Quando aprecio um Ceip, me emociono com a utopia civilizatória de Darcy Ribeiro, que entendia o povo brasileiro a partir das matrizes complexas que se cruzam amalgamando uma nação singular. O Ciep, para Darcy, sintetizava a escola livre, brasileira culturalmente, onde as expressões africanas, indígenas e caboclas se manifestavam como direito à memória e à (re)construção nacional. Os Cieps seriam uma grande festa, um encontro e o lugar das tribos que sempre foram oprimidas pelas perversas classes dominantes do país. Vejo nos Cieps as Escolas Parque, da Bahia, pensadas nos princípios do escolanovismo de Anísio Teixeira.
Os Cieps são o símbolo de um gaúcho que não esqueceu de sua própria trajetória na escola do Sul, como aluno: firme no ensino, construída para receber todas as crianças. Brizola era obstinado pela educação e sua experiência como prefeito de Porto Alegre demonstra a coragem, o zelo e a forma.destemida de como priorizou a construção de escolas.

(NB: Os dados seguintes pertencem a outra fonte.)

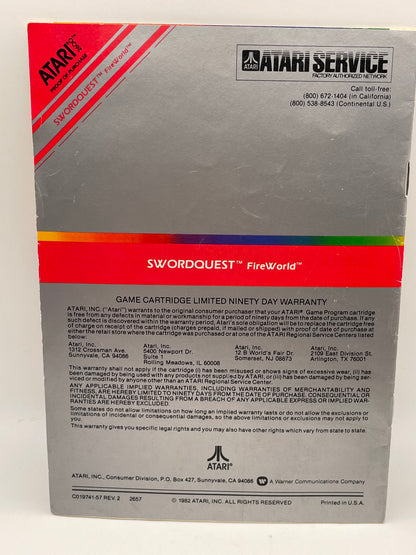 ATARI 2600 - Sword Quest Fire World 1982 #103582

Queria isso pra todo o Brasil: uma escola presente, que ensinasse a ler, escrever e contar, elementos pedagógicos tão simples e complexos ao mesmo tempo, mas que conjugados promoveriam a ascensão social daqueles que antes eram excluídos.
Este 2022 é o ano para celebrarmos o centenário de nascimento de Leonel Brizola e Darcy Ribeiro como forma de, ao olharmos para estas duas figuras, reaquecermos os nossos corações na crença de que as lutas pelas liberdades e pelos direitos sociais, na defesa da escola pública republicana, são processos que nos animam a reconstruir a democracia no país, nestes tempos tão incertos.
O Caminho Niemeyer é também o emblema de longa trajetória de Brizola e de Darcy e de muitos outros. As linhas e curvas das obras que alí se encontram demonstram que as utopias libertárias e socialistas pulsam a cada momento. Os CIEPS também estão ali no Caminho Niemeyer, como que teimosamente lembrando ao povo de Niterói que é possível uma sociedade justa, solidária, democrática e afetuosa.